When I graduated from law school, all I knew about the legal profession I was about to enter was that I was going to make more money than all of my immediate family members combined (yes, I come from a small family but, at the time, it still seemed pretty impressive) and I was going to become part of an impressive team of lawyers employed at the fifth-largest law firm in Chicago. Part of my initial learning curve included more than just navigating firm politics, meeting never-ending deadlines, and mastering the myriad of stylistic preferences each of my supervising attorneys insisted I adopt; I also had to learn how to turn the other cheek every time an “inclusion killer” bomb exploded in my face.
What is an inclusion killer? The answer requires an abbreviated tutorial. If you’ve reviewed the diversity section of virtually all law firm websites, one of the first two paragraphs will make reference to the value the firm places on diversity and inclusion and then the discussion ends there. The terms diversity and inclusion are very much separate and distinct, yet many well-meaning law firms fail to fully appreciate the difference. Rather than just reiterating the firm’s definition of diversity, readers should also be provided with a richer understanding of what the inclusion component means. One of the premiere diversity and inclusion consultants, Verna Meyers, captured the concept of diversity and inclusion best with this phrase:
“DIVERSITY is being invited to the party. INCLUSION is being asked to dance.”

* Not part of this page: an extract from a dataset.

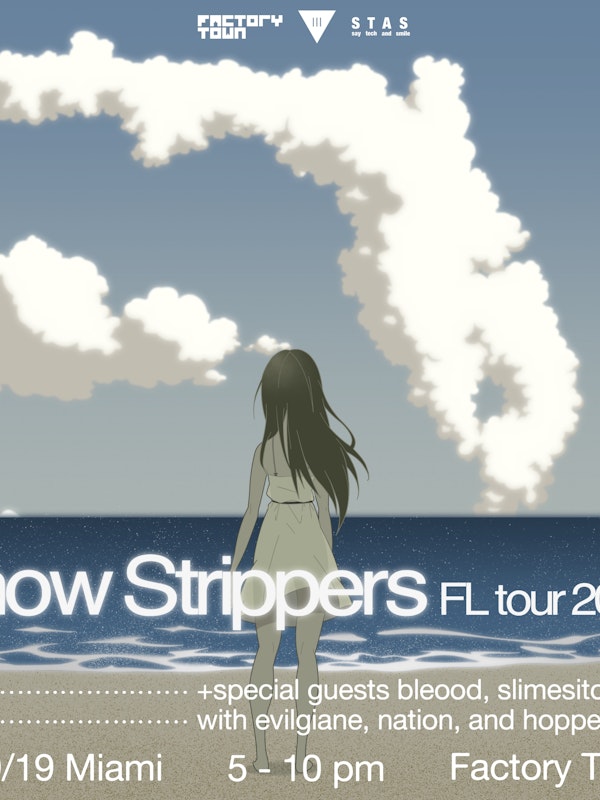 Snow Strippers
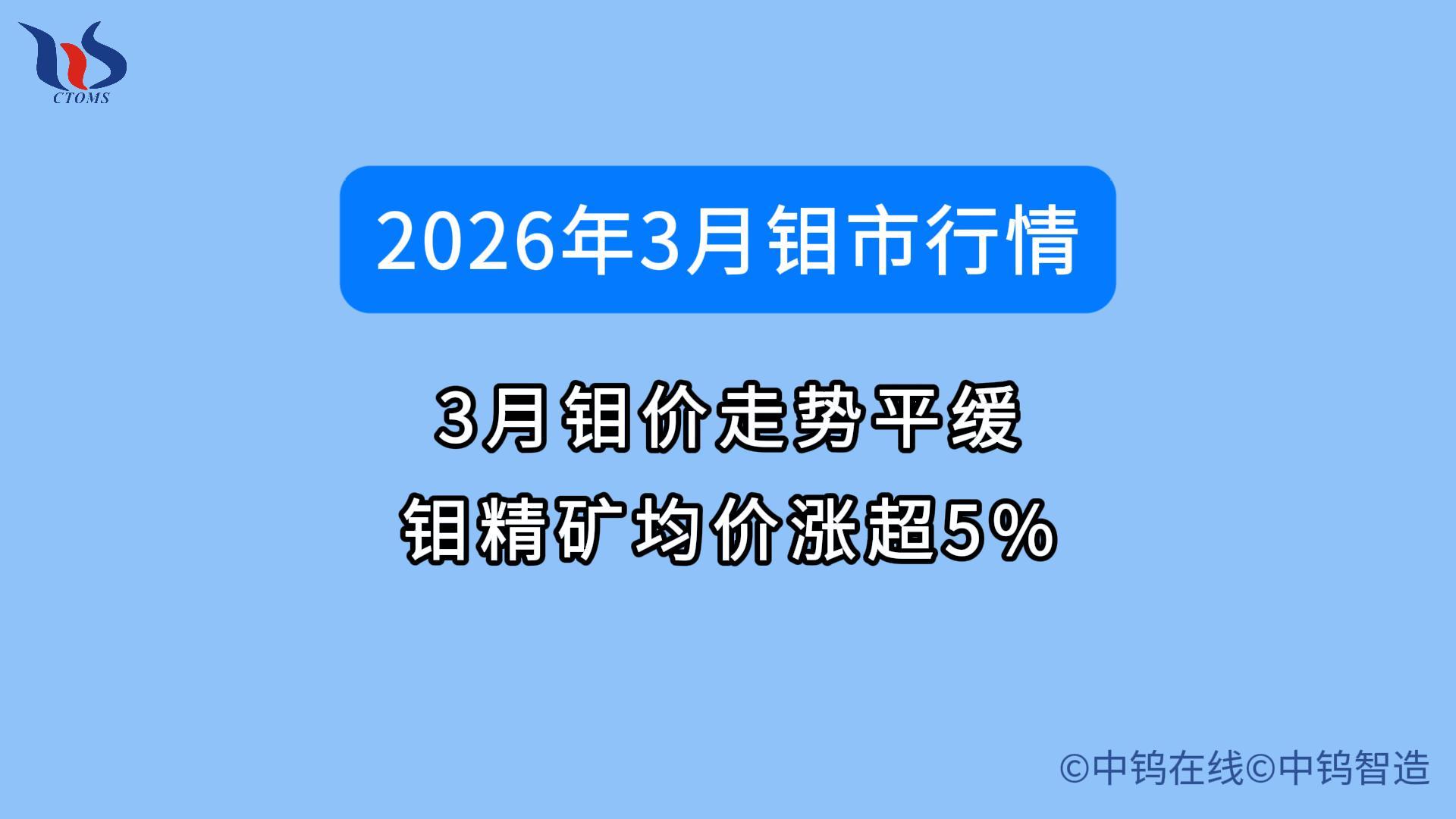 2026年3月鉬市行情如何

Legal employers seem to be doing a much better job than once was the case when it comes to recruiting and hiring diverse attorneys. The struggle that now needs to be addressed is how to retain, and ultimately advance, talent brought into the firm. This is where inclusion killers come into play.
My entire professional career has been based on employment in the legal community, from practicing law to working with Chicago’s largest law firms in an effort to help them advance their internal diverse attorney initiatives. In my various roles, I have personally experienced and/or witnessed four genres of inclusion killers: (1) language, (2) implicit bias, (3) micro inequities, and (4) something I call “birds of a feather flock together.” This article is limited to addressing language in the workplace and how certain words and phrases can create a less-than-welcoming environment. The remaining categories will be addressed in future installments.
It is imperative that we set the proper tone, not only in what we do and say, but also in how we say it. In a meeting I attended several years ago, attorney performance bonuses were being discussed. After a long day of crunching numbers, the attorney leading the discussion asked meeting participants to take one last look at the numbers to make sure we hadn’t been “niggardly.” I remember, like it was yesterday, the demoralizing impact the attorney’s poor word choice had on me. When the word dropped, any belief I was regarded as a valued team member vanished. I am Black and, like many others, despise the N-word, its derivatives, and words that sound alarmingly similar.
Yes, the definition of niggardly has nothing to do with race, but use of the word is analogous to announcing to a room full of people that you spent the weekend looking for “faggots” rather than just saying “bundles of sticks.” It is important to remember that even though the person you are speaking to may not be a member of the group directly offended by a word or phrase, they may also be offended.
Why is a place of employment that places a premium on inclusiveness important? Happy and valued employees are productive employees; productive employees add value to the company’s bottom line. The cost of employee attrition is staggering. By some estimates, law firms lose approximately $400,000 for each mid-level associate who decides to seek employment elsewhere.
If you encounter words, phrases, and commentary that are offensive, you are encouraged to use the situation as an opportunity to provide a teachable moment. In most cases, the remarks are not meant to be offensive, so it is perfectly acceptable to help the speaker out by sharing how and why you were offended. A truly inclusive work environment will not penalize employees for sharing their viewpoint. Instead of thinking of tempering speech as a form of political correctness, think of it in the context of the practice of law, where careful word choices can make the difference between a successful or negative outcome.